Éligible à d’importantes aides d’État, Tours ne disposait pas en effet du foncier nécessaire à la reconstruction d’habitats collectifs. Or, à la problématique du relogement des sinistrés de guerre, s’ajoutaient la cohorte des mal-logés et rapatriés d’Algérie, et l’impossibilité pour des familles (souvent nombreuses) des classes moyennes de trouver un toit à proximité de leur lieu de travail. C’est pourquoi, à l’étroit entre Loire et Cher, Tours lorgnait depuis longtemps sur Saint-Symphorien, commune à même de lui « offrir » sur un « plateau » le foncier manquant. Cela devait se faire, au grand dam d’Eugène Besnard, conseiller municipal de Saint-Symphorien,
devinant que les terres agricoles figuraient un juteux plat de résistance à l’ogre urbain : « C’est une honte, nous, les paysans, on vient tout nous prendre ! » s’exclama-t-il en vain lors d’un Conseil municipal, appelant à voter non à la fusion des communes. En vain. La messe (au Christ-Roi) était dite ; il n’y aurait bientôt plus d’autres havres de paix que dans les allées du cimetière La Salle.
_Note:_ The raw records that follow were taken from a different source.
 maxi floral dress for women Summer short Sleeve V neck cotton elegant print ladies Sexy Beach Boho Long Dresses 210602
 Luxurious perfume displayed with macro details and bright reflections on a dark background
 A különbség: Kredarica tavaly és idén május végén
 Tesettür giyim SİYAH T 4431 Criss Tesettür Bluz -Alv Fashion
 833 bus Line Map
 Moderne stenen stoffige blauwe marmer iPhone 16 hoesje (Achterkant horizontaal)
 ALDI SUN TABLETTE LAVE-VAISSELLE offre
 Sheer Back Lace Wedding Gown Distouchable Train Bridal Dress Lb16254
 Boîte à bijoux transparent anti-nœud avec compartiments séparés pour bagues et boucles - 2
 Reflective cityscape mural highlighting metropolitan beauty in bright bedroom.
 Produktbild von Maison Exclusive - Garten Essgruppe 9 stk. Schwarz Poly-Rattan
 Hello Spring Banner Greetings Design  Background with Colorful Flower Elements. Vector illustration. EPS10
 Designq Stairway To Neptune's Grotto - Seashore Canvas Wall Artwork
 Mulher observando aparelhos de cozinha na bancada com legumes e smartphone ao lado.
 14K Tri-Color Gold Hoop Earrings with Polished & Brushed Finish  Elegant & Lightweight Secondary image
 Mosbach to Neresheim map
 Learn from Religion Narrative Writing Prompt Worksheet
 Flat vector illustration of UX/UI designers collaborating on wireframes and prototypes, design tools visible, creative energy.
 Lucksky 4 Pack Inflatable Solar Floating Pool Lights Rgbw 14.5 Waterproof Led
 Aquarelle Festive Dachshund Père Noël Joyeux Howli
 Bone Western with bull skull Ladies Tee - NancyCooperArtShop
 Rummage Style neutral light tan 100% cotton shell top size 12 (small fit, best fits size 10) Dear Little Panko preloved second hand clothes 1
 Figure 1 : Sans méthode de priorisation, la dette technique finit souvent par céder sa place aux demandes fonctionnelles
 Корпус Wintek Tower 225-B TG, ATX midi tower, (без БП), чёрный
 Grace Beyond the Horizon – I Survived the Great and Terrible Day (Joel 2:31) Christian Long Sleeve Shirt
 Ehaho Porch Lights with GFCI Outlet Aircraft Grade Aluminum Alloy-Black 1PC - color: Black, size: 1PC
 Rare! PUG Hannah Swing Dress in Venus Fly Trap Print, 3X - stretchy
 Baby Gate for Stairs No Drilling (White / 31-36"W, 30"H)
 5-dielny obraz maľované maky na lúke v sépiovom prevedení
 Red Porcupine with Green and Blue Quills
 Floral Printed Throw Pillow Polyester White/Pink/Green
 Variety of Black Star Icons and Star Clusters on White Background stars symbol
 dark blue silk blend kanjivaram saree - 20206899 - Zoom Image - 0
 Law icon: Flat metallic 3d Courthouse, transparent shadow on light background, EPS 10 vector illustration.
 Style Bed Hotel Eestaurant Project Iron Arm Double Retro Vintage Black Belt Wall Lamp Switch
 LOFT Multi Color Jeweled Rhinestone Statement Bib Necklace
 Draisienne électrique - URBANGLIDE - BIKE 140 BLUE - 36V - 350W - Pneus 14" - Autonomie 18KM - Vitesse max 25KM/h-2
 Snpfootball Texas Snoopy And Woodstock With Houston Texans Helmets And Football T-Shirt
Un monde s’éteignait, un autre s’érigeait. La ferme Besnard sera la dernière des petites exploitations agricoles à être détruite, le programme d’habitats collectifs dessinés par l’architecte du Sanitas, Pierre Labadie allait pouvoir faire des petits. Pour l’heure, entre 1965 et 1968, poussent 312 logements HLM*, et, côté stade, les Tourettes deviennent le terrain de jeu d’un sportif de bon niveau, Michel Montaubin, futur premier adjoint de Jean Royer. C’est lui qui orchestre l’aménagement d’une piste d’athlétisme, avec les moyens du bord et beaucoup de système D. En 1968, l’équipement inauguré comprend un terrain de football, quatre pistes d’athlétisme, deux terrains de tennis, deux terrains de basket et trois terrains de boules. Suivront la piscine (1975) et une salle polyvalente-gymnase (1986) de 800 m² et diverses salles en sous-sol à destination de la vie associative.

Un quartier dense, qui s’appauvrit

Le quartier très dense compte à présent 2 000 habitants : 53 % de femmes, 34,7 % de moins de 25 ans et 19,2 % de population étrangère (d’après les derniers chiffres de l’INSEE). Secteur d’habitat social, deux bailleurs sociaux (Tours Habitat et Val Touraine Habitat) se le partagent. « Comme il concentre plus de 1 000 habitants dont une population en situation de décrochage, son éligibilité à des aides supplémentaires de l’État est devenue
possible au titre de la Politique de la Ville »
, rappelle Thierry Lecomte. Ce pourquoi le quartier des Tourettes a récemment ajouté son nom à la liste des quartiers prioritaires de la Métropole. « Il demeure, ajoute-t-il, un quartier tranquille qui entend le rester, d’où peu de gens veulent partir et qui compte sur des financements nouveaux pour engager enfin des travaux sur le gymnase et refaire la piscine dont l’état a restreint l’usage. »

Grande exposition en vue

Pour replonger dans l’histoire des Tourettes, une grande exposition commémorative se tiendra dans le péristyle de l’Hôtel de Ville le 1er juin prochain à l’occasion des 60 ans de la fusion de Tours-Saint-Symphorien-Sainte-Radegonde. Elle vous sera proposée par la Direction des Archives municipales en partenariat avec le groupe Mémoires des quartiers de Tours Nord.

(*) Pour en savoir plus : Tours se raconte, fascicule n° 6 : Le Clos Moreau : les débuts d’une résidence d’habitat social à Saint-Symphorien, accompagné d’un film documentaire : Du pré aux vaches au Clos Moreau. Disponible aux Archives municipales.